Cary: Subdivision Ordinances

Through the process of creating its 2001 Land Use Plan, the town of Cary, NC, formulated goals for itself: retain a sense of place, have a more human-scale and pedestrian-oriented environment, avoid strip development along arterials, focus commercial activity into discrete nodes, and increase connectivity. Street connectivity was seen as a way to foster a sense of community by creating places that encouraged informal, casual interactions and meetings.

The town emphasized street-connectivity standards when creating its Design Guidelines, which immediately followed the Land Use Plan. The guidelines outlined connectivity characteristics, such as developments should be linked by roads and continuous sidewalks and have easy-to- use internal-circulation networks for all modes of travel. The guidelines also divided developments into different categories and provided developers with illustrative plans and a checklist of desired elements for each development type. For residential subdivisions, the design guidelines recommended reducing the use of cul-de-sacs or adapting them to include pedestrian or bicycle connections.

The 2003 update to Cary’s Land Development Ordinance mandated that blocks should be no more than 1,250′ in length to create minimum street-connectivity standards for new residential development.

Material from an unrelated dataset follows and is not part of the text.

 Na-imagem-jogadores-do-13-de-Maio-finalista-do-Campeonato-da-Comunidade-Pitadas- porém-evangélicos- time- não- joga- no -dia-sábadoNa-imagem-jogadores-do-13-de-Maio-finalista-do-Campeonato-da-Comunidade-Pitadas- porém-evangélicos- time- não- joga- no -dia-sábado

The town’s 2007 Pedestrian Plan recommended further updates to the Design Guidelines and Land Development Ordinance to improve pedestrian connectivity standards throughout the town. Recommended edits included requiring vehicular and pedestrian access to at least two public streets for all developments with more than 100 residential units and creating a pedestrian connectivity index to supplement the existing vehicular-oriented street connectivity index.